» **Task prompt**
Please retype every entry below, keeping it exactly the same.

Extracted records
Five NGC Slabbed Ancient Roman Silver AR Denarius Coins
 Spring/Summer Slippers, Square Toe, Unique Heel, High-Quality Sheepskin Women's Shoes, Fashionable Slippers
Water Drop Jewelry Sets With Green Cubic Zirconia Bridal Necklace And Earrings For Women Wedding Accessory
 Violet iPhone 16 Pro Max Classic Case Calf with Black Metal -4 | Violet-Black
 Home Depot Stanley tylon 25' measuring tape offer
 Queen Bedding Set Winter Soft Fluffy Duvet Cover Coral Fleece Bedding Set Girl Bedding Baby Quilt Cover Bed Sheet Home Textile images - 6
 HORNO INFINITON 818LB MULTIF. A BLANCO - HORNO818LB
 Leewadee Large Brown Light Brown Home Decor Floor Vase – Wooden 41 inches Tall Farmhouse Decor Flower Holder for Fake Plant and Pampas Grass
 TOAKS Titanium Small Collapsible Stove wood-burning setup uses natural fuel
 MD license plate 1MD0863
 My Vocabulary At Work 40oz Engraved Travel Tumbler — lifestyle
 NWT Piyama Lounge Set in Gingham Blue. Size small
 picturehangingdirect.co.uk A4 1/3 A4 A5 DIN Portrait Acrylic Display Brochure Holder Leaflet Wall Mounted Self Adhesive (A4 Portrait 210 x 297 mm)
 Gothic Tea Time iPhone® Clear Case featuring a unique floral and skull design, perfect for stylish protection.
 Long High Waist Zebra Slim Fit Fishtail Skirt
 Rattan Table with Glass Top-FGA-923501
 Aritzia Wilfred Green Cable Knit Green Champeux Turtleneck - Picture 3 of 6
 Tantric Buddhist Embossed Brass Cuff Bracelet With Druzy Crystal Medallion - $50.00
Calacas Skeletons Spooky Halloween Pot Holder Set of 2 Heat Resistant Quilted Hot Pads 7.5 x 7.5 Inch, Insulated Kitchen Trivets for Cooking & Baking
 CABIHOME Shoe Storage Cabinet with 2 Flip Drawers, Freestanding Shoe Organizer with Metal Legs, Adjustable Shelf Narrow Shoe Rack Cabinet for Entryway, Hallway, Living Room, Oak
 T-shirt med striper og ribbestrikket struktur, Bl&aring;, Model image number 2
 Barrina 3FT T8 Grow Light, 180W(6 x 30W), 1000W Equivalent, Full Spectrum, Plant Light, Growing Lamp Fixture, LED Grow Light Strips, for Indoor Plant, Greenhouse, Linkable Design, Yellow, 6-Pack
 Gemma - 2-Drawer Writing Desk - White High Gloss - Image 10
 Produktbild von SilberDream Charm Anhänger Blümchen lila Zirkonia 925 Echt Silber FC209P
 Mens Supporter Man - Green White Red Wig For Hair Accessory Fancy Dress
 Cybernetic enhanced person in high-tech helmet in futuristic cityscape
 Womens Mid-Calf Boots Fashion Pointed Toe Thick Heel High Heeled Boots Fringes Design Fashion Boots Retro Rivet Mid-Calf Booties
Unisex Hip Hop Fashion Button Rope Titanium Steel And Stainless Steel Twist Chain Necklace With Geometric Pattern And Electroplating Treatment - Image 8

» **Output of the exercise**
Five NGC Slabbed Ancient Roman Silver AR Denarius Coins
 Spring/Summer Slippers, Square Toe, Unique Heel, High-Quality Sheepskin Women's Shoes, Fashionable Slippers
Water Drop Jewelry Sets With Green Cubic Zirconia Bridal Necklace And Earrings For Women Wedding Accessory
 Violet iPhone 16 Pro Max Classic Case Calf with Black Metal -4 | Violet-Black
 Home Depot Stanley tylon 25' measuring tape offer
 Queen Bedding Set Winter Soft Fluffy Duvet Cover Coral Fleece Bedding Set Girl Bedding Baby Quilt Cover Bed Sheet Home Textile images - 6
 HORNO INFINITON 818LB MULTIF. A BLANCO - HORNO818LB
 Leewadee Large Brown Light Brown Home Decor Floor Vase – Wooden 41 inches Tall Farmhouse Decor Flower Holder for Fake Plant and Pampas Grass
 TOAKS Titanium Small Collapsible Stove wood-burning setup uses natural fuel
 MD license plate 1MD0863
 My Vocabulary At Work 40oz Engraved Travel Tumbler — lifestyle
 NWT Piyama Lounge Set in Gingham Blue. Size small
 picturehangingdirect.co.uk A4 1/3 A4 A5 DIN Portrait Acrylic Display Brochure Holder Leaflet Wall Mounted Self Adhesive (A4 Portrait 210 x 297 mm)
 Gothic Tea Time iPhone® Clear Case featuring a unique floral and skull design, perfect for stylish protection.
 Long High Waist Zebra Slim Fit Fishtail Skirt
 Rattan Table with Glass Top-FGA-923501
 Aritzia Wilfred Green Cable Knit Green Champeux Turtleneck - Picture 3 of 6
 Tantric Buddhist Embossed Brass Cuff Bracelet With Druzy Crystal Medallion - $50.00
Calacas Skeletons Spooky Halloween Pot Holder Set of 2 Heat Resistant Quilted Hot Pads 7.5 x 7.5 Inch, Insulated Kitchen Trivets for Cooking & Baking
 CABIHOME Shoe Storage Cabinet with 2 Flip Drawers, Freestanding Shoe Organizer with Metal Legs, Adjustable Shelf Narrow Shoe Rack Cabinet for Entryway, Hallway, Living Room, Oak
 T-shirt med striper og ribbestrikket struktur, Bl&aring;, Model image number 2
 Barrina 3FT T8 Grow Light, 180W(6 x 30W), 1000W Equivalent, Full Spectrum, Plant Light, Growing Lamp Fixture, LED Grow Light Strips, for Indoor Plant, Greenhouse, Linkable Design, Yellow, 6-Pack
 Gemma - 2-Drawer Writing Desk - White High Gloss - Image 10
 Produktbild von SilberDream Charm Anhänger Blümchen lila Zirkonia 925 Echt Silber FC209P
 Mens Supporter Man - Green White Red Wig For Hair Accessory Fancy Dress
 Cybernetic enhanced person in high-tech helmet in futuristic cityscape
 Womens Mid-Calf Boots Fashion Pointed Toe Thick Heel High Heeled Boots Fringes Design Fashion Boots Retro Rivet Mid-Calf Booties
Unisex Hip Hop Fashion Button Rope Titanium Steel And Stainless Steel Twist Chain Necklace With Geometric Pattern And Electroplating Treatment - Image 8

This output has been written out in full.